# Go:

**Working with complex numbers**

## How to:

In Go, complex numbers are handled using the built-in `complex`

, `real`

, and `imag`

functions, along with `complex64`

and `complex128`

types (representing 64-bit and 128-bit complex numbers respectively). Here’s a quick start guide:

```
package main
import (
"fmt"
)
func main() {
// Creating complex numbers
a := complex(2, 3) // 2+3i
b := complex(1, -1) // 1-1i
// Arithmetic operations
c := a + b
fmt.Println("Addition:", c) // Output: Addition: (3+2i)
d := a * b
fmt.Println("Multiplication:", d) // Output: Multiplication: (5+1i)
// Accessing real and imaginary parts
realPart := real(a)
imagPart := imag(a)
fmt.Printf("Real part: %.1f, Imaginary part: %.1f\n", realPart, imagPart) // Output: Real part: 2.0, Imaginary part: 3.0
// Complex conjugate and magnitude can be calculated
conjugate := complex(real(a), -imag(a)) // Manually
fmt.Println("Conjugate of a:", conjugate) // Output: Conjugate of a: (2-3i)
}
```

This example covers the basics, but there’s much more you can do with complex numbers, including leveraging the `math/cmplx`

package for more advanced operations like finding the magnitude, phase, and much more.

## Deep Dive

The concept of complex numbers dates back to the 16th century, but only got wide recognition and rigorous formalization in the 19th century.

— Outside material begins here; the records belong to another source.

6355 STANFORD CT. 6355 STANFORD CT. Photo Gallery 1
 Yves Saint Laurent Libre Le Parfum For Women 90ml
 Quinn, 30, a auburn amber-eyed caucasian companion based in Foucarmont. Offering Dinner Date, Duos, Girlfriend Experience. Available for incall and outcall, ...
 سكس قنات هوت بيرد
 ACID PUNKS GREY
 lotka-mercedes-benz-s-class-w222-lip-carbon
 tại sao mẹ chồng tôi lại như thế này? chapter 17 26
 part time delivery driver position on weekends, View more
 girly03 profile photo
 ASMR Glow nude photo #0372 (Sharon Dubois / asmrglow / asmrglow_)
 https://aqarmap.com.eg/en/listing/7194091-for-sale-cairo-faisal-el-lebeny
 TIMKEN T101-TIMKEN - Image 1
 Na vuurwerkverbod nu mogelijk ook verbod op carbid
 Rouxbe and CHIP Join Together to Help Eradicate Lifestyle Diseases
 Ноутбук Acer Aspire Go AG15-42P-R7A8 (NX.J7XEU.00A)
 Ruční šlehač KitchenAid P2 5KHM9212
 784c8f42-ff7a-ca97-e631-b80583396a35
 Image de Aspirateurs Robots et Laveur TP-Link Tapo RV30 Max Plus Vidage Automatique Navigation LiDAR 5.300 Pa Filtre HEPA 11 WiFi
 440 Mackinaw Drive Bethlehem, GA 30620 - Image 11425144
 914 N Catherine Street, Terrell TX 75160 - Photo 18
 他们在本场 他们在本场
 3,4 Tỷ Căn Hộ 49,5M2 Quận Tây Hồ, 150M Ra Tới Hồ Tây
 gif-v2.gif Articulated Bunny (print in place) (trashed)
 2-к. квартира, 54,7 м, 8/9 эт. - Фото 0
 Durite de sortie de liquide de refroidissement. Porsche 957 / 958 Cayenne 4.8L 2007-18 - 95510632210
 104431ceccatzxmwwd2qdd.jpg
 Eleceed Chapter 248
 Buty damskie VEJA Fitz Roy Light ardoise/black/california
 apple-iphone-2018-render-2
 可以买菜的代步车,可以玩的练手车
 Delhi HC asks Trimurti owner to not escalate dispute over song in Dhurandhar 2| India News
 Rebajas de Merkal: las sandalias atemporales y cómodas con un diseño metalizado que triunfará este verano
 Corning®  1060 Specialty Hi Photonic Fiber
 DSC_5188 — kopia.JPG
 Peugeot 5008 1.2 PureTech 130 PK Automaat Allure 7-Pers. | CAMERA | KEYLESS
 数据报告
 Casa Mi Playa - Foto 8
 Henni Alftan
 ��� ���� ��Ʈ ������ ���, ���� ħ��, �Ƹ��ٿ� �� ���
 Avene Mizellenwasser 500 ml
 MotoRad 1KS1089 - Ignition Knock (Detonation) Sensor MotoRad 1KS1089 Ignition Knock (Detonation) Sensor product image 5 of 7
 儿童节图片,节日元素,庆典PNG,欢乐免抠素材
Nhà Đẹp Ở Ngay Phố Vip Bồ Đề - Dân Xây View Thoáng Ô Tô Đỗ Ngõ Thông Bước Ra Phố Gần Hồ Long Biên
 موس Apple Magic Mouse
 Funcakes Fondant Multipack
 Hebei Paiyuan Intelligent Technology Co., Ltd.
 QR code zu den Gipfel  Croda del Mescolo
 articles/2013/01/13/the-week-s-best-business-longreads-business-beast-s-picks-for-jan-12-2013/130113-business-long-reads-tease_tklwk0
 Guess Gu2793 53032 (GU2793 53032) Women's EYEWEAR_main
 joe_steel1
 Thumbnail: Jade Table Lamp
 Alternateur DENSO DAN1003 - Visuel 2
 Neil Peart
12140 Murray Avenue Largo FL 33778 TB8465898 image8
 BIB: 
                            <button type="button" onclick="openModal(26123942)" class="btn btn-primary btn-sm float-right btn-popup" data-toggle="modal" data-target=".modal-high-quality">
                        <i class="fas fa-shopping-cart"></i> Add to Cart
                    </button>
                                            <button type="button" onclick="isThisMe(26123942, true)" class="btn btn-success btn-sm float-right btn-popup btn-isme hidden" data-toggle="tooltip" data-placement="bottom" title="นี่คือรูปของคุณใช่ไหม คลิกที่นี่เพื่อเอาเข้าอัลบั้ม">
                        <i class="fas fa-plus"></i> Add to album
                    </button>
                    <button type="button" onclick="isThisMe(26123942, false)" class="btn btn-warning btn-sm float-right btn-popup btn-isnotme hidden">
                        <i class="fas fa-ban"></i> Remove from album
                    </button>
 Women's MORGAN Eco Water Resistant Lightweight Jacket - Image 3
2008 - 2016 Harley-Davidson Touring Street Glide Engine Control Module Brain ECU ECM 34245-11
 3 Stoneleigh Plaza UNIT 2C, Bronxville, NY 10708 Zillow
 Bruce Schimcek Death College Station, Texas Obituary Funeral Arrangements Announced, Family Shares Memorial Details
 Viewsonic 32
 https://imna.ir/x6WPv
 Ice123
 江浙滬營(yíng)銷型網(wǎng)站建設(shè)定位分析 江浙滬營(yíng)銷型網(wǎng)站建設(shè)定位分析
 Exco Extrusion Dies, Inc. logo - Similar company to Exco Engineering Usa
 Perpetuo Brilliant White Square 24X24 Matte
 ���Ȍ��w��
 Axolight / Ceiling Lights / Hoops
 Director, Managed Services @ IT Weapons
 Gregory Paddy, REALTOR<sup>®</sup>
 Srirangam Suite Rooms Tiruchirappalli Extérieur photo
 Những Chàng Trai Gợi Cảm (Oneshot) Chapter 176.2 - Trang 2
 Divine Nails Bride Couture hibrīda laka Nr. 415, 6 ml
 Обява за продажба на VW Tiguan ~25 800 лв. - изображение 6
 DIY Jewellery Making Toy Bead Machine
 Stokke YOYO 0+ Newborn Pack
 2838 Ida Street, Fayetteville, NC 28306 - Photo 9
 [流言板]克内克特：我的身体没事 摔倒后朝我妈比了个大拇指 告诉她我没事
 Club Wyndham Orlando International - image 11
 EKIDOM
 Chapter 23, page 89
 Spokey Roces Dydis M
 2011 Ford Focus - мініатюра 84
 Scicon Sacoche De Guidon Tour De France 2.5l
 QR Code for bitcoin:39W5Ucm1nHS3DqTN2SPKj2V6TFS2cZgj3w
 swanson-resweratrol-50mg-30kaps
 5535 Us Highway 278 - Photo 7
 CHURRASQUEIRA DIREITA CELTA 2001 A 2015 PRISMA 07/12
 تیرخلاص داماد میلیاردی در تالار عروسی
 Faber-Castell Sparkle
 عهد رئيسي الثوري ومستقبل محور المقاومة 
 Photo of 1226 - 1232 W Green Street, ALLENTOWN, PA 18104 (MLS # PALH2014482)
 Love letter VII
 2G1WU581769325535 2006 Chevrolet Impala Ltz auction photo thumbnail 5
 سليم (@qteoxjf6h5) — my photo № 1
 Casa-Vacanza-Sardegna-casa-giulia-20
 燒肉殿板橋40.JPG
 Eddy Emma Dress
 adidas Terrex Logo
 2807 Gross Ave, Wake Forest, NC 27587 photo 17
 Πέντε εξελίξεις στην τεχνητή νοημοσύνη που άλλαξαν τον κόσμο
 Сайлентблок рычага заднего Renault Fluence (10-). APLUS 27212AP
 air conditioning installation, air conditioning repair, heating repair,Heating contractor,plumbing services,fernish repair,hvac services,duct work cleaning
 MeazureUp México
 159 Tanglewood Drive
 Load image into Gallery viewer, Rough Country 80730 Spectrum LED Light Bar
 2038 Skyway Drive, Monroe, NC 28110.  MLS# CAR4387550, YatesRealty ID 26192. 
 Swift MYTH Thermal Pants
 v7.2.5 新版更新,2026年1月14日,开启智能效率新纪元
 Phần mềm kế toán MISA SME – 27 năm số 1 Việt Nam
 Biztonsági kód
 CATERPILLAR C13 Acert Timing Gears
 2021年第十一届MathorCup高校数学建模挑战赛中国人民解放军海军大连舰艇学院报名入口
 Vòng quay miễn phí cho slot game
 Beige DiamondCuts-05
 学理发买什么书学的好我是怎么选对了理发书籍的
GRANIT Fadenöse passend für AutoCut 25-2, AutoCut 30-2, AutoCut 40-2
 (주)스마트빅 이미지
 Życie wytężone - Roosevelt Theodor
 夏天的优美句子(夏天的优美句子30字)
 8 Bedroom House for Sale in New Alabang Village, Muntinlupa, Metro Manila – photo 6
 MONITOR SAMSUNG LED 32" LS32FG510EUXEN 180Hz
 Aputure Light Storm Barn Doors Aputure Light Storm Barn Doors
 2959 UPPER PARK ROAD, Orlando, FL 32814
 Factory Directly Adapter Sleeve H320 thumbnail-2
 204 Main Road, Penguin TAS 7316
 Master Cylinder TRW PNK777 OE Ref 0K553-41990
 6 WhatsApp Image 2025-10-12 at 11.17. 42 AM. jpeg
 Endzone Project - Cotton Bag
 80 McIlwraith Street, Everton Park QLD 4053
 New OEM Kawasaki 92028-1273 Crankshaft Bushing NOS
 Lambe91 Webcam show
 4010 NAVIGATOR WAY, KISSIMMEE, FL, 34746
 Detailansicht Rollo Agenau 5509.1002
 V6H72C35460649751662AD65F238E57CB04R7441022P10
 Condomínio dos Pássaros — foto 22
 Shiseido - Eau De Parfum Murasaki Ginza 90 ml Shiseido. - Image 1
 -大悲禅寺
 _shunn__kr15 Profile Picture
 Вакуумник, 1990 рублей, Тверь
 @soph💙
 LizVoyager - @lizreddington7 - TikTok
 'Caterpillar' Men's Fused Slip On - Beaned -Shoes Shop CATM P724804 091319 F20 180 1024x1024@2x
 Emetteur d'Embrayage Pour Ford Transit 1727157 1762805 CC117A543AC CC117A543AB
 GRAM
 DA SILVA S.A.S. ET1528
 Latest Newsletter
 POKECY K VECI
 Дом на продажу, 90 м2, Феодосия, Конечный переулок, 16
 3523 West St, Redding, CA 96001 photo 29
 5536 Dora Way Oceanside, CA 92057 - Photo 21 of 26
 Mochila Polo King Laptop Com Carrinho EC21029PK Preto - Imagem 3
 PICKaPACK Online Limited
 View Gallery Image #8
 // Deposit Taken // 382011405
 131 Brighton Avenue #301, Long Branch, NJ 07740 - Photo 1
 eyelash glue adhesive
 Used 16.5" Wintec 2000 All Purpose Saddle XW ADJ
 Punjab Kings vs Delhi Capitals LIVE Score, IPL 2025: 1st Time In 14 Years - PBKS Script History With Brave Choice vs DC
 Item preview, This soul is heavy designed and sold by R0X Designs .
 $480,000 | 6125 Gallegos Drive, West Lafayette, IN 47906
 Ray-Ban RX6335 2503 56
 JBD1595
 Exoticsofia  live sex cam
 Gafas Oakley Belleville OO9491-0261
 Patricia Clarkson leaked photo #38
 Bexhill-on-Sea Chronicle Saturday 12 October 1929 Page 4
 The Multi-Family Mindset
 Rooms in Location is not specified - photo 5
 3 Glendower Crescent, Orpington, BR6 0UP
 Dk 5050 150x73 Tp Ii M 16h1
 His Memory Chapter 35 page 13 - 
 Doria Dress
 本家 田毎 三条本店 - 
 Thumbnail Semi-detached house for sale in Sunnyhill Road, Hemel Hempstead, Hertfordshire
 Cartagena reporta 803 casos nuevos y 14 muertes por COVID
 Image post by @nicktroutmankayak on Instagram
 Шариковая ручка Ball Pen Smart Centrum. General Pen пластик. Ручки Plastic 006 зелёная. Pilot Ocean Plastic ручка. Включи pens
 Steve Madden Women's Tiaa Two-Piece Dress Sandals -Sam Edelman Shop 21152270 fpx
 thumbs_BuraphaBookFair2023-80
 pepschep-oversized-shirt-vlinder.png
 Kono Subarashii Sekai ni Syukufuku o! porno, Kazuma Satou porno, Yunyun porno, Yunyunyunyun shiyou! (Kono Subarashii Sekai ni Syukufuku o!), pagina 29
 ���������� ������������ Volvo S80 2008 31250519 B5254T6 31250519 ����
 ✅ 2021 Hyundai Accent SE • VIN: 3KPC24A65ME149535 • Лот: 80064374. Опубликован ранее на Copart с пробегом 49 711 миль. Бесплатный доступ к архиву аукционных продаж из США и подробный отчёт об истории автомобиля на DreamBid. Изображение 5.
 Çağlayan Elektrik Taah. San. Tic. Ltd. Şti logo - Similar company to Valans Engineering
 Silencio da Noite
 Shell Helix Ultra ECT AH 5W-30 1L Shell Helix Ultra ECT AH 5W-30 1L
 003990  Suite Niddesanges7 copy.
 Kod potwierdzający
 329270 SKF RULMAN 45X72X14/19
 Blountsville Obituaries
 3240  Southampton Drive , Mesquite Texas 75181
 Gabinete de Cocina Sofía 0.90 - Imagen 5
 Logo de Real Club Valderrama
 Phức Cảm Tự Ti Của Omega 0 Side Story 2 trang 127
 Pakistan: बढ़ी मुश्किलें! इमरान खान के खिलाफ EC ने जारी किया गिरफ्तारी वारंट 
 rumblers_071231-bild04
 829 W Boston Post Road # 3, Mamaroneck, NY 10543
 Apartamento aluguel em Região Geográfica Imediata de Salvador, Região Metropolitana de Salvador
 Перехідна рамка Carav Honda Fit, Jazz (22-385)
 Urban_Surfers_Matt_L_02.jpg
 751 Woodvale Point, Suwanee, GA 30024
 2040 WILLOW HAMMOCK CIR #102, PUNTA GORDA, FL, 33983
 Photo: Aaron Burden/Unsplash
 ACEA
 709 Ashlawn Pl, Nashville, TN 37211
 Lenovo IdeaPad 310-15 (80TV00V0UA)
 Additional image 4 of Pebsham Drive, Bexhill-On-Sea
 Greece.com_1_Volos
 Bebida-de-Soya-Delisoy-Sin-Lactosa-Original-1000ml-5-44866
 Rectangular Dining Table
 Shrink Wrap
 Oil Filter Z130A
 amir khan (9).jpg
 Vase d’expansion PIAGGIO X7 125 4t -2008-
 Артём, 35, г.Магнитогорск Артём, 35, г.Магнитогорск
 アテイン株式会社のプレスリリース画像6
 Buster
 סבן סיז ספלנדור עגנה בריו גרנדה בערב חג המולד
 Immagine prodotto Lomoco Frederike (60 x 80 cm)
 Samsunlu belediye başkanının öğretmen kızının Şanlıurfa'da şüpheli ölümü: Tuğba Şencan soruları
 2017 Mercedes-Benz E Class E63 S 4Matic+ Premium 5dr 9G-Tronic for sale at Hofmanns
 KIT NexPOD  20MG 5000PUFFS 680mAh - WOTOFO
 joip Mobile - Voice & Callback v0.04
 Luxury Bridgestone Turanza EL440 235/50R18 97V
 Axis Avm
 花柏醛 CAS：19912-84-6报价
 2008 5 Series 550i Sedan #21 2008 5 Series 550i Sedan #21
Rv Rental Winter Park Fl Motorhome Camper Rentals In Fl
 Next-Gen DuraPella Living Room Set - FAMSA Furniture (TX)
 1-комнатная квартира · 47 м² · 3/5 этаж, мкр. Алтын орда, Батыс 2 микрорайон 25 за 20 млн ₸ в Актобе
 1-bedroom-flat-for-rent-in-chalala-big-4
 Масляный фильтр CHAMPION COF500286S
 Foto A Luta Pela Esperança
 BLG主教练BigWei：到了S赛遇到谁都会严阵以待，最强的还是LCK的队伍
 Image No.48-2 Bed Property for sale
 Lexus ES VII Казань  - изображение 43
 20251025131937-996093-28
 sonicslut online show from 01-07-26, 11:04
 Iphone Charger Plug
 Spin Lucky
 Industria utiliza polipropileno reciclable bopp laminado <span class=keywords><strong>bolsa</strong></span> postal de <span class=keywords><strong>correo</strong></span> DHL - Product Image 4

In computer programming, complex numbers have been a staple for complex arithmetic in scientific and engineering calculations since the early days. Go’s approach to complex numbers, by making them a first-class citizen with built-in support and comprehensive standard library support through the `math/cmplx`

package, stands out among programming languages. This design decision reflects Go’s emphasis on simplicity and performance.

Nevertheless, it’s worth noting that working with complex numbers in Go, while powerful, may not always be the best approach for all applications, particularly those requiring symbolic mathematics or high-precision arithmetic. Languages and environments specialized in scientific computing, such as Python with libraries like NumPy and SciPy, or software like MATLAB, might offer more flexibility and a broader range of functionalities for specific applications.

That said, for systems programming and contexts where integrating complex number calculations into a larger, performance-sensitive application is crucial, Go’s native support for complex numbers provides a uniquely efficient option.